Hawaiian, Aloha Tighten Up

Nonstops to neighbor islands hurting interisland carriers

By: Robert Carlsen

New nonstop flights directly from major mainland cities to Hawaii’s neighbor islands, such as United’s just-announced service from Denver to Kona, has prompted Hawaiian and Aloha airlines to look long and hard at its money-losing interisland service.

And even though the carriers have cut the number of interisland flights by 14% and the number of seats by 20% in the past six months, those cuts may not be enough.

The carriers also have asked the U.S. Department of Transportation for an antitrust exemption so airline officials can sit down and work out a viable interisland strategy. The proposal, which the DOT accepted and will make a decision on by Oct. 1, allows the carriers to fly 50% of the services.

Keoni Wagner, spokesman for Hawaiian Airlines, affirmed that nonstop mainland-neighbor islands service has created less demand for interisland service. He also said that the general downturn in travel, due to Sept. 11 and the flagging economy, hasn’t helped either.

By coordinating interisland service with Aloha, Wagner said the aim is to “reduce a state of overcapacity in this market that has built up over time. We would coordinate a reduction in total seat capacity in the market, with each carrier flying 50% of the capacity needed each month. We would not coordinate specific flight schedules or fares.”
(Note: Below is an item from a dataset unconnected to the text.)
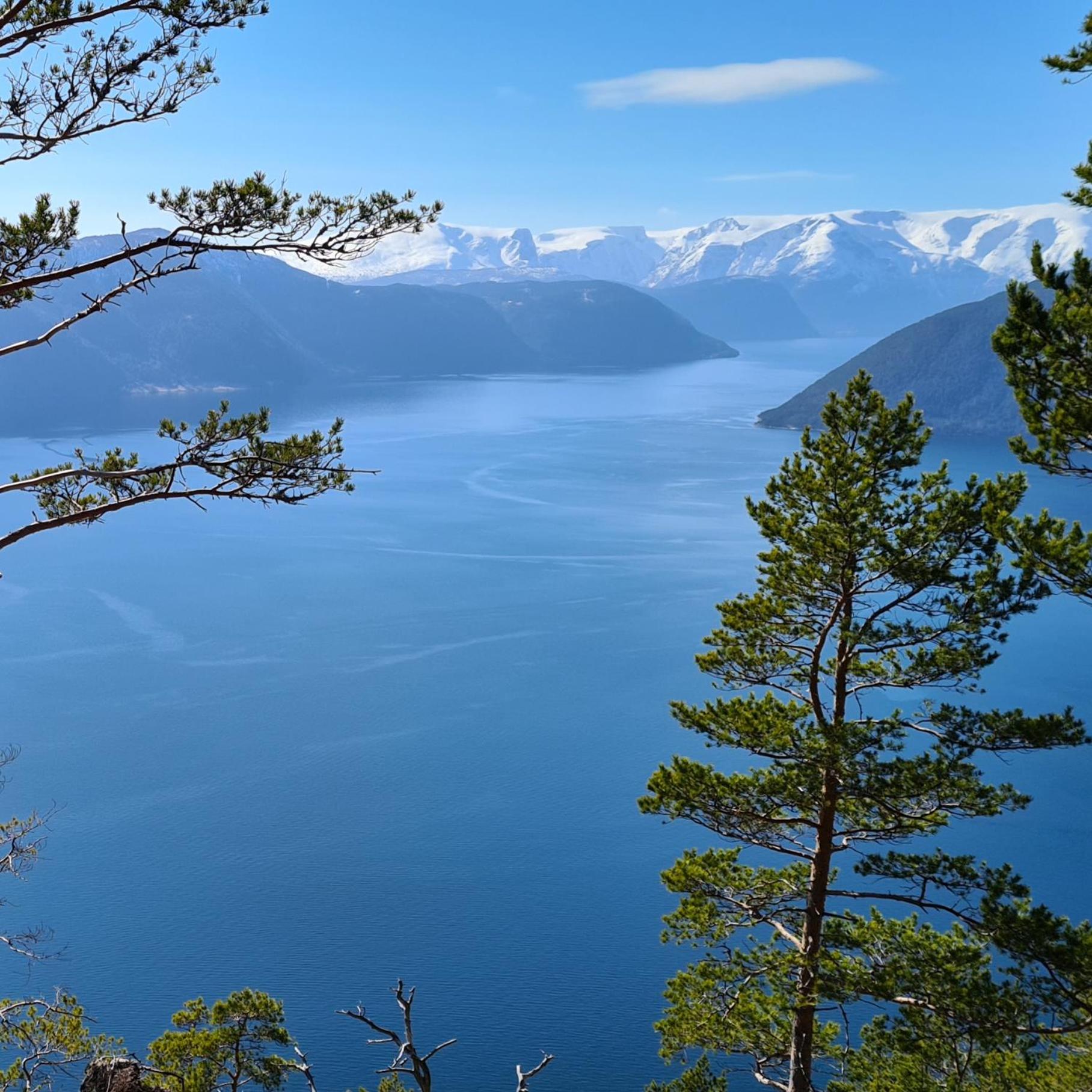 Moderne cityleilighet Sogndal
Wagner said that if the plan is approved, the DOT will oversee its implementation.

In the not-so-distant past, interisland service generated up to 30% of the airlines’ revenue. But these are not normal times.

The proposed cutbacks, which would especially affect Hawaiian locals, are causing some apprehension over the prospect of less-frequent flights and higher fares. However, that fear is less of an issue since the proposed Hawaiian-Aloha merger was called off earlier this year.
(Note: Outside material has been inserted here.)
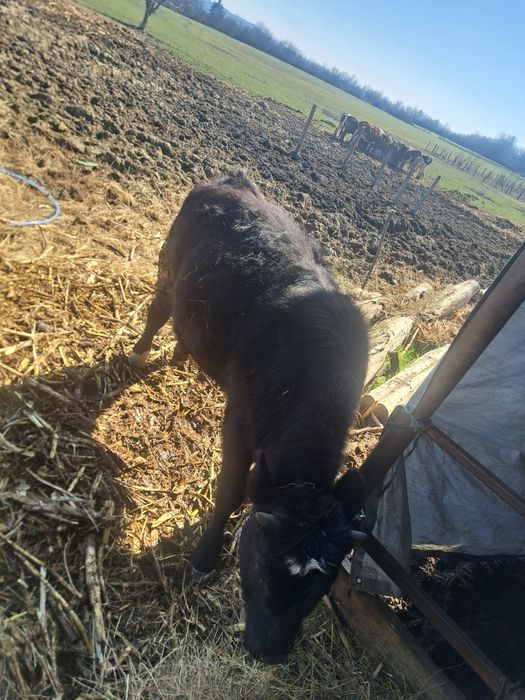 Vitei de carne baltati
Travel agents in Hawaii are watching the scenario with interest.

Danny Casey, president of the ASTA Hawaii chapter, said there has been “very little noticeable impact from any reductions in flights by either airline during the early part of the year.”

If the airlines’ proposed get-together passes scrutiny, Casey said Hawaii’s interisland travelers will need to adjust to a new way of traveling.

“Customers will have to start making their reservations much more in advance of travel to ensure their desired airline and flight times,” Casey said. “The days of just showing up at the airport with a coupon and catching the next available flight will be gone in most circumstances.”

Casey said brand loyalty may also disappear, replaced by when and where travelers need to go.

“Although several people have said that the combining of schedules will lead to higher prices, the reality is that interisland pricing is difficult to predict, because there are forces at work in the marketplace that push prices up and keep prices down,” he said.

Rachel Shimamoto of All Ways Travel in Honolulu agreed that something needs to be done.

“It’s like twins going on a diet it trims the schedules for a realistic fit,” Shimamoto said, noting that passengers have been spoiled with a lot of choices. “And perhaps they have to stick to taking the flight that’s booked; no more no-shows since there were so many flights to choose from.”